**Data shown:**
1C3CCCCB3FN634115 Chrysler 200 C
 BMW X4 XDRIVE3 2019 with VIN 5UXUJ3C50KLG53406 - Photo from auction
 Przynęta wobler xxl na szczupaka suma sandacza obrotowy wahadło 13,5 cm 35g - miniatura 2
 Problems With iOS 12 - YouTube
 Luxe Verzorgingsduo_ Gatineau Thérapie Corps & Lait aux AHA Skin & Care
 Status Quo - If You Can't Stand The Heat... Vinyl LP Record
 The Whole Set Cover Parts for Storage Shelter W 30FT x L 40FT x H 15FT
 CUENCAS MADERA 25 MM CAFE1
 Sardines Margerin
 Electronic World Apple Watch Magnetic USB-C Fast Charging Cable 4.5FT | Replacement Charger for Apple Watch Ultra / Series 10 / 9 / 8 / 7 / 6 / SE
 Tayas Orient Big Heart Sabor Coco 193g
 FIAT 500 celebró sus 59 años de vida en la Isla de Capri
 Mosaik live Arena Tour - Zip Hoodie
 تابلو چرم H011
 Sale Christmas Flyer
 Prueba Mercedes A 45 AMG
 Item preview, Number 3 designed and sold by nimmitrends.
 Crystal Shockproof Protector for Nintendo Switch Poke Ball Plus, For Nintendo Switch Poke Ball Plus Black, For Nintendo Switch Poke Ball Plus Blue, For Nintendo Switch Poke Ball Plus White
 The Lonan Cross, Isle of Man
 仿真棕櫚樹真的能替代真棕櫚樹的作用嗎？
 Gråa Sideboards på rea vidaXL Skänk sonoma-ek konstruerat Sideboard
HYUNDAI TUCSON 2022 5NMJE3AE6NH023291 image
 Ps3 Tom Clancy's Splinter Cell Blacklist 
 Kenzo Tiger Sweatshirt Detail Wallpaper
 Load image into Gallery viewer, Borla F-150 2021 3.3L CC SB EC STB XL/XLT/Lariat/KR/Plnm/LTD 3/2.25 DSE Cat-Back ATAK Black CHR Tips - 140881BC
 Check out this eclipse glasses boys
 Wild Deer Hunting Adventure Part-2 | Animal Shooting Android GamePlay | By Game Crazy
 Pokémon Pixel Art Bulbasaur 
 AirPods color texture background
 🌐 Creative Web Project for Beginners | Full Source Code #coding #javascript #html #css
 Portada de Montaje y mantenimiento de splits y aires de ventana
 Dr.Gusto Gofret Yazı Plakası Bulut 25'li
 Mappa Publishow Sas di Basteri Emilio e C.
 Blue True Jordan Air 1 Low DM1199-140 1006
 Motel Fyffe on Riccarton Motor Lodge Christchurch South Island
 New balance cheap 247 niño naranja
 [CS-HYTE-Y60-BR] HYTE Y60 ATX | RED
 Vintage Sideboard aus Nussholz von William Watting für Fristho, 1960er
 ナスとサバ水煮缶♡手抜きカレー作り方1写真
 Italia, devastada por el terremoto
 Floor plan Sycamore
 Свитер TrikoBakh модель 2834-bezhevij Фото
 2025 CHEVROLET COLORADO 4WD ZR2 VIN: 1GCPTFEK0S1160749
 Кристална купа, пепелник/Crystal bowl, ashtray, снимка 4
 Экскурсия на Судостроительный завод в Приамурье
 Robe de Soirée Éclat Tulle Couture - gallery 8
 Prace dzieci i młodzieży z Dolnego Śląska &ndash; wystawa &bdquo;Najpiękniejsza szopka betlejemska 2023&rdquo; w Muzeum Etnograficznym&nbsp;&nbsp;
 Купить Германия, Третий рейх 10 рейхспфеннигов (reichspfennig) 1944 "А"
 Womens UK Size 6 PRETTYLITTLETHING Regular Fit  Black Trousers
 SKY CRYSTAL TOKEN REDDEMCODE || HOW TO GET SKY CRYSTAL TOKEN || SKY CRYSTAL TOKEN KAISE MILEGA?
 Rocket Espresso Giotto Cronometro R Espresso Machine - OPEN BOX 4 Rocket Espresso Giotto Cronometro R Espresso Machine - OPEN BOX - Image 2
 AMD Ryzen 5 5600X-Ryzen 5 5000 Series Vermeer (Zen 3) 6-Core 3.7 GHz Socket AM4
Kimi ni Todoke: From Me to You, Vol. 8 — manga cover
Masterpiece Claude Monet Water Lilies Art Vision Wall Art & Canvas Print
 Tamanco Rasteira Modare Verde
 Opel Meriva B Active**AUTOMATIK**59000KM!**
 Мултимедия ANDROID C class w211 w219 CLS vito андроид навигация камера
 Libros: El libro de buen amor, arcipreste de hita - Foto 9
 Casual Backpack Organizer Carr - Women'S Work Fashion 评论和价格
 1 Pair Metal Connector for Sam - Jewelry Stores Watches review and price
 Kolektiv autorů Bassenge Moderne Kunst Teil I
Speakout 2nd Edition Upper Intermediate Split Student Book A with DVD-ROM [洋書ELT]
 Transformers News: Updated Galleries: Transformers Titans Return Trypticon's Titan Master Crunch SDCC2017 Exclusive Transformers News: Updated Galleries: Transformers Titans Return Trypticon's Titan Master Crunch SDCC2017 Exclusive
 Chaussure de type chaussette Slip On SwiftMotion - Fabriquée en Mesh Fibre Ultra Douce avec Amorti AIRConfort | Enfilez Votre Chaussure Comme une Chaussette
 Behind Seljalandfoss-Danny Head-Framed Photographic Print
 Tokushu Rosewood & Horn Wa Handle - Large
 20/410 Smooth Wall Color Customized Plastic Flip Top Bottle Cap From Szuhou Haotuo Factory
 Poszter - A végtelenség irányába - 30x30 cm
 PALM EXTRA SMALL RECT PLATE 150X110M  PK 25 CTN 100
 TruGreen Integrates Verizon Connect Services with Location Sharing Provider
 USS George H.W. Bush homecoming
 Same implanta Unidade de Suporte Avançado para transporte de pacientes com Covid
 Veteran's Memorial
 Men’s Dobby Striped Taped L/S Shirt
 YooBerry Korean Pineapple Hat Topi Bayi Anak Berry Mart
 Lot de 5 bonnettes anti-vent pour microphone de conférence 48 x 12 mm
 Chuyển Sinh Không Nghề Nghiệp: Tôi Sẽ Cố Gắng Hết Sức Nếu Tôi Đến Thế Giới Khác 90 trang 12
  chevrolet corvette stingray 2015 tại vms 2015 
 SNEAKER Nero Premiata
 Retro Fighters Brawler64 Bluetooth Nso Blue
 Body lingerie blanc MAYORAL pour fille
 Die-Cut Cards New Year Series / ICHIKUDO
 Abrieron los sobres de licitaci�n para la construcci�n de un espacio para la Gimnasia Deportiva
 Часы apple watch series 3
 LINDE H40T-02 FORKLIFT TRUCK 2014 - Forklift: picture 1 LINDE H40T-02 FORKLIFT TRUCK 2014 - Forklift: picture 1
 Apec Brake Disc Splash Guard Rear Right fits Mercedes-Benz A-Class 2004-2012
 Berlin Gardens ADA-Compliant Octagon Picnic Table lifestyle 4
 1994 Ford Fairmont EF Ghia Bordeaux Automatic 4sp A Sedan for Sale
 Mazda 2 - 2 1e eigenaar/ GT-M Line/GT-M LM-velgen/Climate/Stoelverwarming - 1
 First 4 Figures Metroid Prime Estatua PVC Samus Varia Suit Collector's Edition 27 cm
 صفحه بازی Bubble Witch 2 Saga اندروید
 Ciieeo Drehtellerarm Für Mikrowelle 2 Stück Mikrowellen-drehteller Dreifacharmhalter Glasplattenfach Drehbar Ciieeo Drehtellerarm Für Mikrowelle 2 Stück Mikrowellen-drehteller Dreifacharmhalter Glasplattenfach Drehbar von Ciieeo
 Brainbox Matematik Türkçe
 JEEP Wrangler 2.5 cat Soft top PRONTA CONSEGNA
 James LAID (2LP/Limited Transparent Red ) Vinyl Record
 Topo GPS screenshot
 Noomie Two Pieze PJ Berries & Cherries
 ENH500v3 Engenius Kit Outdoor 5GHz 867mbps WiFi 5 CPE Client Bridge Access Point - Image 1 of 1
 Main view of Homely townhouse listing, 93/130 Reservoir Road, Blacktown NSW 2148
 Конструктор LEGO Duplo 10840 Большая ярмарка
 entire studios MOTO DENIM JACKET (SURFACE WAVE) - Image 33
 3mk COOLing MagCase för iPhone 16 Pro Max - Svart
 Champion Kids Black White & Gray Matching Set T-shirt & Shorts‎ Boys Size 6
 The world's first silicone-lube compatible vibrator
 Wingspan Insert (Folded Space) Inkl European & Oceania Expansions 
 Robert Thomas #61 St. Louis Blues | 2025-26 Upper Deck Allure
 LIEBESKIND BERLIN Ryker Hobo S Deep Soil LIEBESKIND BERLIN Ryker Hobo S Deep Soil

**What you should do:** Read through the entries, then copy every line where the string "Sideboard" is found.

**Solution to this task:**
 Gråa Sideboards på rea vidaXL Skänk sonoma-ek konstruerat Sideboard
 Vintage Sideboard aus Nussholz von William Watting für Fristho, 1960er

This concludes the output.